Insatisfação escondida 

Seria ingênuo esperar que, nesse cenário, o ressentimento de acionistas em relação à estrutura de dual-class shares não crescesse. Na assembleia anual da Alphabet em 2020, 31% dos votos expressos na reunião foram a favor de uma resolução para acabar com esse sistema desigual. Uma proposta semelhante no Facebook obteve apoio de 27%. 

O que pode parecer um percentual baixo de apoio a propostas que desafiam o status quo das bigtechs também pode mascarar um descontentamento maior. No ano passado, por exemplo, a proposta para que a Alphabet divulgasse detalhadamente casos em que os governos forçam a companhia a censurar conteúdos recebeu 11% de votos favoráveis.

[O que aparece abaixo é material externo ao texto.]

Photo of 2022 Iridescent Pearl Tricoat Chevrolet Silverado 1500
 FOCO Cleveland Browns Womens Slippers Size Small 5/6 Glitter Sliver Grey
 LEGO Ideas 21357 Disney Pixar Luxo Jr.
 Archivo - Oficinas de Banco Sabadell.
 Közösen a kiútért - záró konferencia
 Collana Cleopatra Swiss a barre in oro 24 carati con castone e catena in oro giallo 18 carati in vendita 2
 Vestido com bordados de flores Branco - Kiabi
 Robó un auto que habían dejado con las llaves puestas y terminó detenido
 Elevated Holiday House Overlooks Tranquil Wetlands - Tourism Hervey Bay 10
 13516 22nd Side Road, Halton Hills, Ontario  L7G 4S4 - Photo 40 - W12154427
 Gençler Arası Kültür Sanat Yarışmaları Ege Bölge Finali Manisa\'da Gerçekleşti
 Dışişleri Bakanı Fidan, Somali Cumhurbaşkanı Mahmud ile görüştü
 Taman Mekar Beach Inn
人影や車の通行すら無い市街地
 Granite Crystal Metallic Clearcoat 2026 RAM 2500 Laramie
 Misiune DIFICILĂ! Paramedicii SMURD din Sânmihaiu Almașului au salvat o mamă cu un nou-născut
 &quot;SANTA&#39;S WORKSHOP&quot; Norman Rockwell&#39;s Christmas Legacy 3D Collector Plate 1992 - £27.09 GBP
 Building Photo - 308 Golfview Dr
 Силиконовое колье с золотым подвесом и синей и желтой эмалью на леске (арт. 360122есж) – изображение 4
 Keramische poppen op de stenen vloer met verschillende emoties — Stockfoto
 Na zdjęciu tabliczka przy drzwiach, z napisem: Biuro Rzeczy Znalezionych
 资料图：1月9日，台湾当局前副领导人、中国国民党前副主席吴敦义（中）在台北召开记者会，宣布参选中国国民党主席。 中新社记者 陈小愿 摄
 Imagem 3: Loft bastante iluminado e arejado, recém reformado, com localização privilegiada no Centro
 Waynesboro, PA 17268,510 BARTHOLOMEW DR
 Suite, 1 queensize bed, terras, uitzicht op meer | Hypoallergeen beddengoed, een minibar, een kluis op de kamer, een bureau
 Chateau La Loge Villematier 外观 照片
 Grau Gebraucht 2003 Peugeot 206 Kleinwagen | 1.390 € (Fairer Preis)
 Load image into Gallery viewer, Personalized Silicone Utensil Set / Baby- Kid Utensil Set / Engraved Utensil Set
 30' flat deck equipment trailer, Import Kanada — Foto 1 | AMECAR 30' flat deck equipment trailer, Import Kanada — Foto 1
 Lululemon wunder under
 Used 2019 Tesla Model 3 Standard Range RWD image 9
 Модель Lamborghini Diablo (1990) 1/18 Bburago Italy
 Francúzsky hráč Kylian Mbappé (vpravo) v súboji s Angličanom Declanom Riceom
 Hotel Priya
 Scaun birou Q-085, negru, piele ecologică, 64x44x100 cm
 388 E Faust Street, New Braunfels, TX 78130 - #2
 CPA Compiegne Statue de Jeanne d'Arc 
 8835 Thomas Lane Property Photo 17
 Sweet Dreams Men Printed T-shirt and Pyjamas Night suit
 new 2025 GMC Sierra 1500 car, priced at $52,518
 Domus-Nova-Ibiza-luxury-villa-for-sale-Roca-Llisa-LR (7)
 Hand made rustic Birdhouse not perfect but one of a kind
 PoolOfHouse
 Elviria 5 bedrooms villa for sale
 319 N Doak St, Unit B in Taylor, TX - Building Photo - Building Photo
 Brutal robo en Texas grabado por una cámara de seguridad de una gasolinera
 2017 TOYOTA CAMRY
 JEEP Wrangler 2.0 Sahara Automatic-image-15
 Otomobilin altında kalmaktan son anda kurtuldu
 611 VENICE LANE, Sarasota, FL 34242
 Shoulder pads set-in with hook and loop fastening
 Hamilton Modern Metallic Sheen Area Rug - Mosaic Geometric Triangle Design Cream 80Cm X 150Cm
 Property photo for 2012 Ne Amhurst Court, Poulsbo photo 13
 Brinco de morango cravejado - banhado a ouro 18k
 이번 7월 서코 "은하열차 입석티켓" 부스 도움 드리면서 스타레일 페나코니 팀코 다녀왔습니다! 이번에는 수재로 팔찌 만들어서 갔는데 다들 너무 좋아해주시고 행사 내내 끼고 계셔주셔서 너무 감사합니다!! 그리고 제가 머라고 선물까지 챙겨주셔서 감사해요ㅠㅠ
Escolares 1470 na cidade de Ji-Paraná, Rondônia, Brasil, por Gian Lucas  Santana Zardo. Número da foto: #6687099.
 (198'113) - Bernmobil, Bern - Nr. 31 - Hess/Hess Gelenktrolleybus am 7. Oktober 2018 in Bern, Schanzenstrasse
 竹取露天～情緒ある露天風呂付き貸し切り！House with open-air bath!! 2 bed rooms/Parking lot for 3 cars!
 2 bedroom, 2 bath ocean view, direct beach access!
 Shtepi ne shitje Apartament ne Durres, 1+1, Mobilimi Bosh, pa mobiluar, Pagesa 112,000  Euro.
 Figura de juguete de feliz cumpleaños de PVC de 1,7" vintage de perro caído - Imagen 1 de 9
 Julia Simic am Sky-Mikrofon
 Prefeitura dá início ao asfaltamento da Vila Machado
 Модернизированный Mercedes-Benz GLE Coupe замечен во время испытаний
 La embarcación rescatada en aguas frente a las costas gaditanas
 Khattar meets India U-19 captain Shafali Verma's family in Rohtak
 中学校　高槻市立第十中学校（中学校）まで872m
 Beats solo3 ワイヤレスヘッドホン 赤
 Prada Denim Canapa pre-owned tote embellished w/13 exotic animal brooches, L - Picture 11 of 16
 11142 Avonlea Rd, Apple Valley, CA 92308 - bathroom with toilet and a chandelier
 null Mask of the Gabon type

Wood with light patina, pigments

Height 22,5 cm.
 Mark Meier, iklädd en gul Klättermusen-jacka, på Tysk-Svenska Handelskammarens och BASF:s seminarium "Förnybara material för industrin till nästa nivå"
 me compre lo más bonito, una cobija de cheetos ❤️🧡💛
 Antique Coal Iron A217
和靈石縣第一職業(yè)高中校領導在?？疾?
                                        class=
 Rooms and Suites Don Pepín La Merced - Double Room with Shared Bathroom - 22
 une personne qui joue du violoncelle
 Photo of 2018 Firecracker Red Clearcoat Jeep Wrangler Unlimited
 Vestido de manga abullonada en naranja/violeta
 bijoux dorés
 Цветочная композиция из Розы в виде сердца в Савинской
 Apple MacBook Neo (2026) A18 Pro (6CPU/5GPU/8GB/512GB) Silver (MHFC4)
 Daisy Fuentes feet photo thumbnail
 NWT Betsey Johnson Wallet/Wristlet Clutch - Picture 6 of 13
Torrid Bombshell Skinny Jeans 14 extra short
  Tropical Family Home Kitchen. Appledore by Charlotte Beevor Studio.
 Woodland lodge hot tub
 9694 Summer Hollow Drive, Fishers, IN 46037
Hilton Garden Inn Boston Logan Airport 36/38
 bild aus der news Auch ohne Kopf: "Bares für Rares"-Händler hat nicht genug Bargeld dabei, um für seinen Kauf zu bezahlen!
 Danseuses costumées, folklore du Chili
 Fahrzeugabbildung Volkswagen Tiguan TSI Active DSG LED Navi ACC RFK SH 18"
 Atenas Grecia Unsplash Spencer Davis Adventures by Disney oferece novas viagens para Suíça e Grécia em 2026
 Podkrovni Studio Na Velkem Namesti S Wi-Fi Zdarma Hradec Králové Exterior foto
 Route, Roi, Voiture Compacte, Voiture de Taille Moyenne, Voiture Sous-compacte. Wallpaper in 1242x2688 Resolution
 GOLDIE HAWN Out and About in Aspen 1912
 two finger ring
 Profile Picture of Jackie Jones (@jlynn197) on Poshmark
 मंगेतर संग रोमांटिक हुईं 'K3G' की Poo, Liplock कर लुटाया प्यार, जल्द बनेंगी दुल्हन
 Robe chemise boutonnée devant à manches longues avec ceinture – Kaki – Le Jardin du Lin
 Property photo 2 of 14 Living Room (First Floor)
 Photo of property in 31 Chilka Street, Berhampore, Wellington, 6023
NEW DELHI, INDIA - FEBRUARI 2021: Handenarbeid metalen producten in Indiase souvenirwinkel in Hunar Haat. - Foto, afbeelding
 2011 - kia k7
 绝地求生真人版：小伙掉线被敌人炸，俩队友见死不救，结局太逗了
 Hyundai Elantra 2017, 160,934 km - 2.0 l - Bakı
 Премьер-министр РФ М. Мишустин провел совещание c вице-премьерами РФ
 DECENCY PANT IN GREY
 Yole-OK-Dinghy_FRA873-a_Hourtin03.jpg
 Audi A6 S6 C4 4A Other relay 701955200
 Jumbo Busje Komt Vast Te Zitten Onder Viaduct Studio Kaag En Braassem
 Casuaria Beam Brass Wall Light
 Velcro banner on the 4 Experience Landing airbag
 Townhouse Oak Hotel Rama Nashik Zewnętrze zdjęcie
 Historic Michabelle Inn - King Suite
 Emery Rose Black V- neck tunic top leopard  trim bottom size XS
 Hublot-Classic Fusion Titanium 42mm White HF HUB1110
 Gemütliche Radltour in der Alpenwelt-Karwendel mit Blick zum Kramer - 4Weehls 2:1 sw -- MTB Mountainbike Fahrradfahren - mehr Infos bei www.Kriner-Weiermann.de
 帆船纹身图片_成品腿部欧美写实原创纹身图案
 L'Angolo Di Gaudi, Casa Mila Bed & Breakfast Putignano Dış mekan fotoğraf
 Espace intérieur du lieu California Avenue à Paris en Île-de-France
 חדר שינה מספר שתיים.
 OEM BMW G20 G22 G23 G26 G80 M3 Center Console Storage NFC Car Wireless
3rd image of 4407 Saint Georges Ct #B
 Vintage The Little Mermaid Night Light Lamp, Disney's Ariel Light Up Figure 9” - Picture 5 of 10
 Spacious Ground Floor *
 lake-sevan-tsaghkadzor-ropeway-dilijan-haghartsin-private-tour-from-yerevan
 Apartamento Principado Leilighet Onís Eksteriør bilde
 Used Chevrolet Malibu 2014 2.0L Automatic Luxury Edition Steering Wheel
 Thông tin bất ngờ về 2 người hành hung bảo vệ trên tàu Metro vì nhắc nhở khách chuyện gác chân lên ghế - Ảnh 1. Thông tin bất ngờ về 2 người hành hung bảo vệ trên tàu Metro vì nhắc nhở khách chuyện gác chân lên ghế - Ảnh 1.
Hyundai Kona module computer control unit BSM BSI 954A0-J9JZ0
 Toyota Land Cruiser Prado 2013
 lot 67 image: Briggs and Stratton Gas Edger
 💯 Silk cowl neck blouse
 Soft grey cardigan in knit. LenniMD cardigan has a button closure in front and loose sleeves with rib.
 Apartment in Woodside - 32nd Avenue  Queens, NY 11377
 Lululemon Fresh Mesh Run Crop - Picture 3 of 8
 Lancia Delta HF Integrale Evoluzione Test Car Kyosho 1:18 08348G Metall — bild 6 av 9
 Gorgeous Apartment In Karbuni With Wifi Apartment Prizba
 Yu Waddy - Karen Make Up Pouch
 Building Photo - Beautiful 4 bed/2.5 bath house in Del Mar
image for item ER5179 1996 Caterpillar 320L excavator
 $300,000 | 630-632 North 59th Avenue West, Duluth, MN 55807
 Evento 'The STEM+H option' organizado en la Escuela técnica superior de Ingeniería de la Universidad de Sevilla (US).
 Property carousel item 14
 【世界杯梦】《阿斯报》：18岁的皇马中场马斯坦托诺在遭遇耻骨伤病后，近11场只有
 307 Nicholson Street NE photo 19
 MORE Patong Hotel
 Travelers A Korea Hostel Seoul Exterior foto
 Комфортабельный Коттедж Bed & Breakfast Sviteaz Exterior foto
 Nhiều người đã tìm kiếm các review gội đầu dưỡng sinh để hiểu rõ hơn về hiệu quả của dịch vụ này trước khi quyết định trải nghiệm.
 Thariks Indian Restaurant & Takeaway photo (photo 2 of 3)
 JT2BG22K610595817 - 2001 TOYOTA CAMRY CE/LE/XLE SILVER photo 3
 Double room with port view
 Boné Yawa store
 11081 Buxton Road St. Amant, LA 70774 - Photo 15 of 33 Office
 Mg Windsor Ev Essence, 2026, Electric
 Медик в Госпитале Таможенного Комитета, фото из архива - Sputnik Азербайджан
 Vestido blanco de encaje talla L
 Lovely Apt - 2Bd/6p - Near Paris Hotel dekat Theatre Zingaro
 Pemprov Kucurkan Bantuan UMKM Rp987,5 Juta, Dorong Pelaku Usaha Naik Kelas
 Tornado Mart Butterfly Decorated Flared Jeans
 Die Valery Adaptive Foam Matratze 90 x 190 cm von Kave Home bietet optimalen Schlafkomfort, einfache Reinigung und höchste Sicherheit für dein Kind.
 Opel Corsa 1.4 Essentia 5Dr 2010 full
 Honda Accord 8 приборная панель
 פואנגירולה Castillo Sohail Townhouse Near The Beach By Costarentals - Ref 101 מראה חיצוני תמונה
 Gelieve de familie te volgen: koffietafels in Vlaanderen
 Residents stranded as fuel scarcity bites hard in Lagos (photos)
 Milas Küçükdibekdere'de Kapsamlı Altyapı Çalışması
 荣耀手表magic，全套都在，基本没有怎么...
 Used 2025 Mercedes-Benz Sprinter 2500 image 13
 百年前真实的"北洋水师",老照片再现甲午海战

A ISS calcula que, sem o voto plural, isso teria sido traduzido em um percentual de 34%. Na mesma linha, o apoio de 13% dos acionistas às propostas de vincular parcialmente a remuneração dos executivos da Alphabet a metas de sustentabilidade seria equivalente a 39%.  

Com os preços das ações das bigtechs em níveis recordes — ou próximos a esse teto —, os fundadores têm obtido sucesso em se blindar da pressão dos acionistas. A ânsia dos investidores em emplacar propostas (principalmente com foco ESG) nas reuniões anuais, entretanto, não deve diminuir, muito pelo contrário. Resta agora saber até quando eles vão permitir que os donos das bigtechs usem o escudo da dual-class share para se proteger.